What is expected
Each entry below is to be reproduced exactly, though any pictures it holds must be omitted.

Provided entries
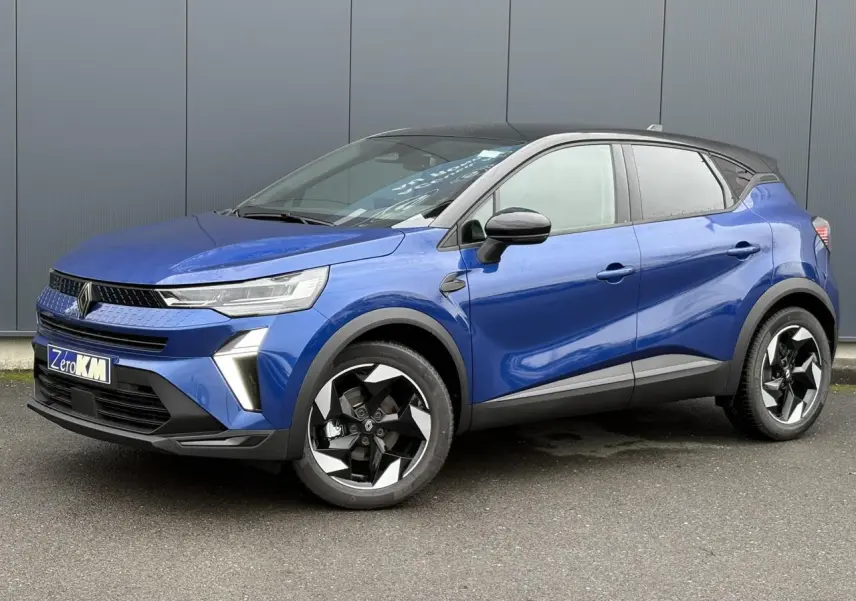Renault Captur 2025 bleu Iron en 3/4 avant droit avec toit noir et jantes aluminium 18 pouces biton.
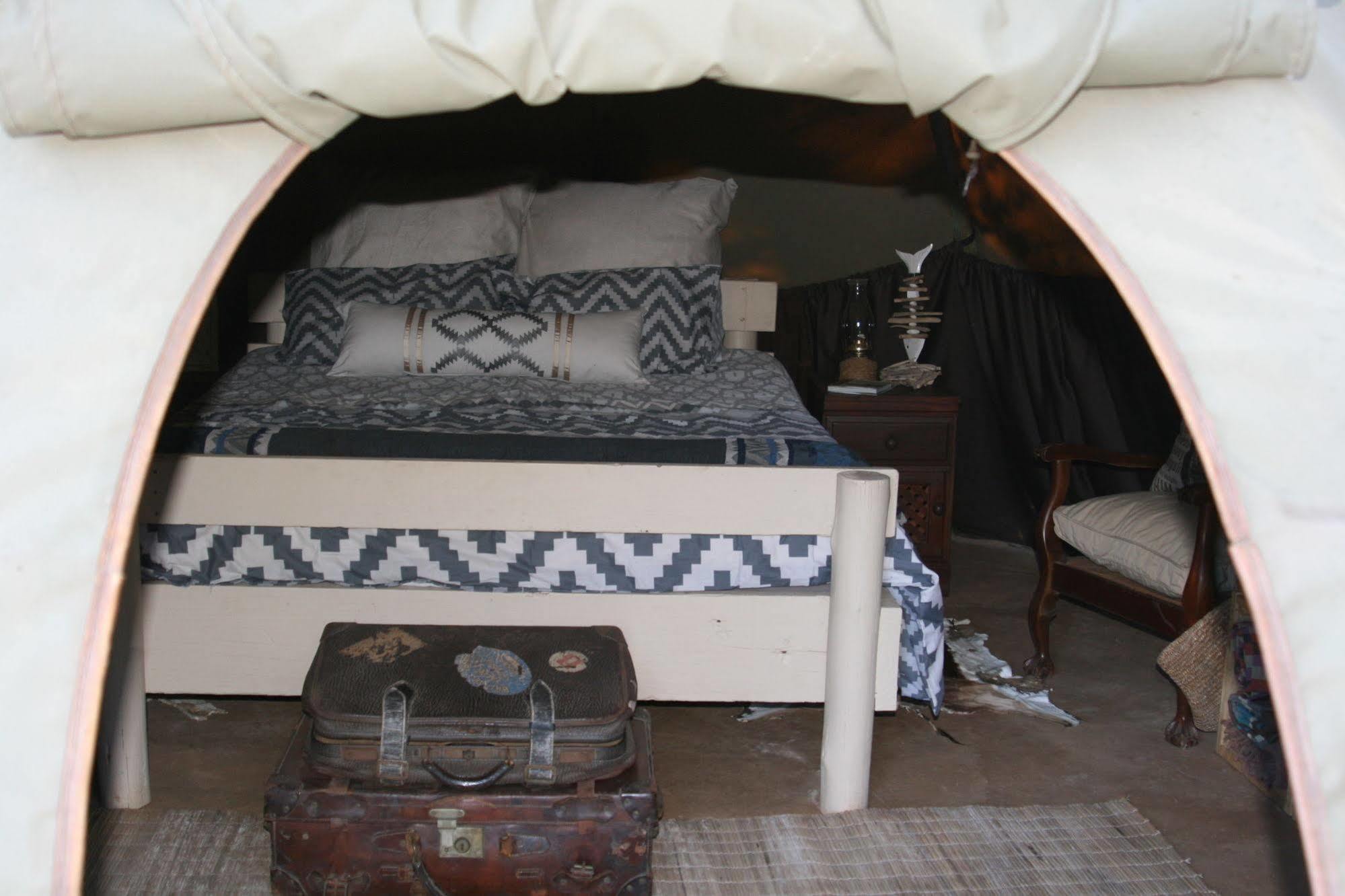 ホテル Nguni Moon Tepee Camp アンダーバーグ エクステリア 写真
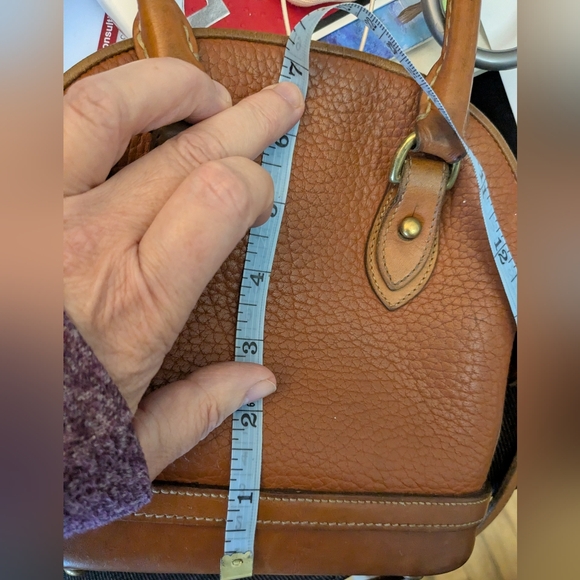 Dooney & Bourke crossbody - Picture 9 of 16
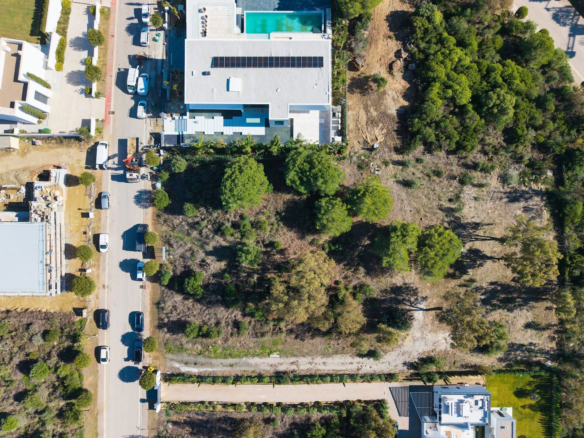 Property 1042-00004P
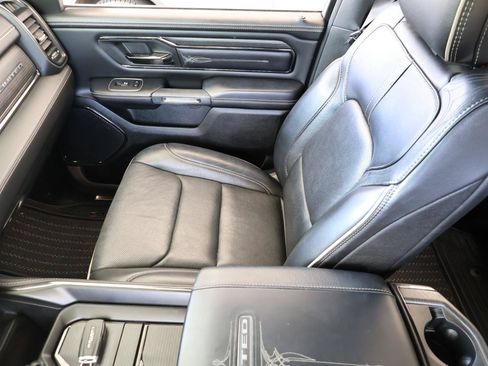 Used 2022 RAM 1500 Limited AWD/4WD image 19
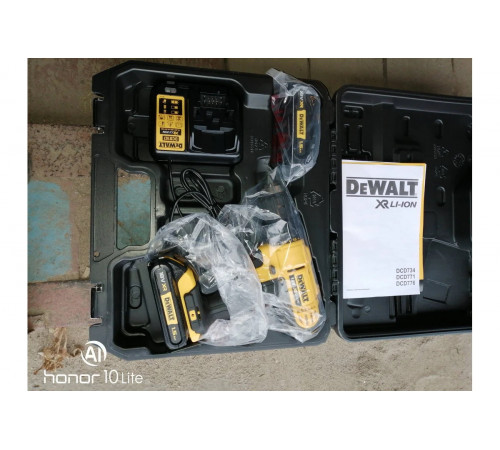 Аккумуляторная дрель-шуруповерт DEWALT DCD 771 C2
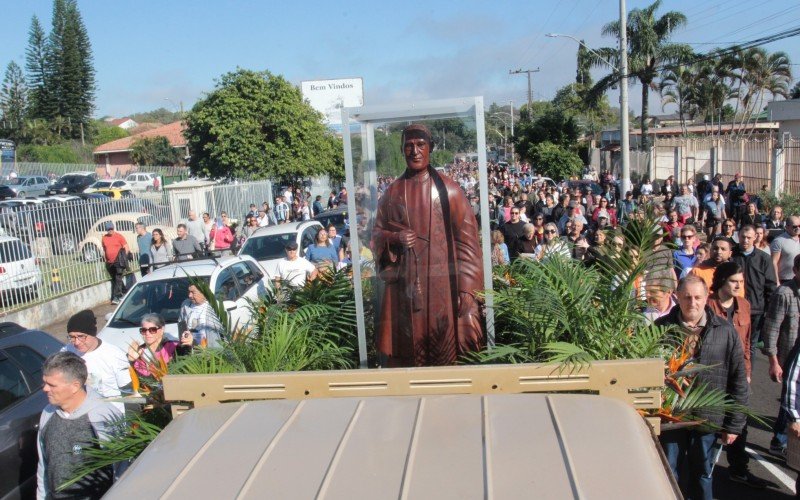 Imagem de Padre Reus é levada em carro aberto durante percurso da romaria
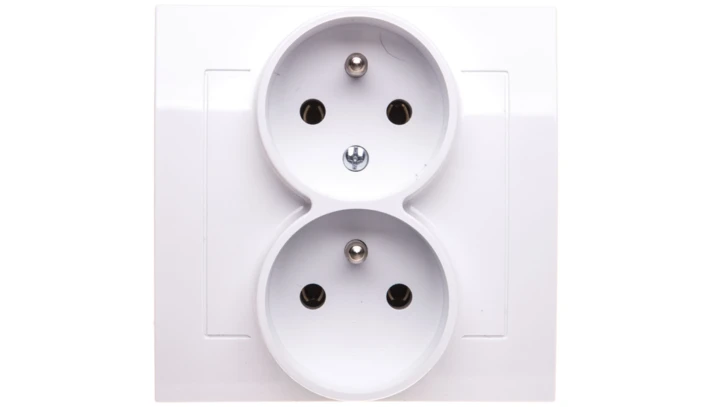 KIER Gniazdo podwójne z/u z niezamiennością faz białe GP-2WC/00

Answer box
Renault Captur 2025 bleu Iron en 3/4 avant droit avec toit noir et jantes aluminium 18 pouces biton.
 ホテル Nguni Moon Tepee Camp アンダーバーグ エクステリア 写真
 Dooney & Bourke crossbody - Picture 9 of 16
 Property 1042-00004P
 Used 2022 RAM 1500 Limited AWD/4WD image 19
 Аккумуляторная дрель-шуруповерт DEWALT DCD 771 C2
 Imagem de Padre Reus é levada em carro aberto durante percurso da romaria
 KIER Gniazdo podwójne z/u z niezamiennością faz białe GP-2WC/00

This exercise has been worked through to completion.